MOSCOW, Aug 12, 2010 (AFP) - Russia on Thursday insisted that radiation was normal in regions contaminated by the Chernobyl disaster amid concerns forest fires could send a cloud of radioactive particles as far as Moscow.
"We have a full network of monitoring and we carry out frequent observations," the deputy head of Russian state weather forecaster Rosgidromet Valery Dyadyuchenko told the Interfax news agency.
"A worsening of the radiation situation and a growth in the background radiation as a result of a transfer of materials from the fires have not been recorded anywhere in Russia," he said.
Russia's state forest watchdog Wednesday admitted wildfires hit hundreds of hectares of land in the western Bryansk region contaminated by the Chernobyl nuclear disaster, raising fears that buried radioactive particles could be released into the air.

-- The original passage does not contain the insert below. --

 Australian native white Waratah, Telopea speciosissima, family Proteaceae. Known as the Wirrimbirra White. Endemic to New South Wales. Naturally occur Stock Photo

The forest watchdog quoted data from August 6 but emergency ministry officials denied there were any fires currently burning in the area.

Russian authorities said there was no reason to panic and played down fears that the fires could create a cloud of radioactive particles by raising contaminated matter out from the soil.
But Alexei Yablokov, a former official on ecological questions at the Russian security council and a founder of Greenpeace in the Soviet Union, told Interfax the particles risked being blown onto Moscow or Eastern Europe.
"The particles could be transferred hundreds of kilometres depending on the weather conditions.
"If the Bryansk region is on fire, they (the particles) could turn up in the Novgorod region (to the north), in Moscow and in certain circumstances in Eastern Europe," he said.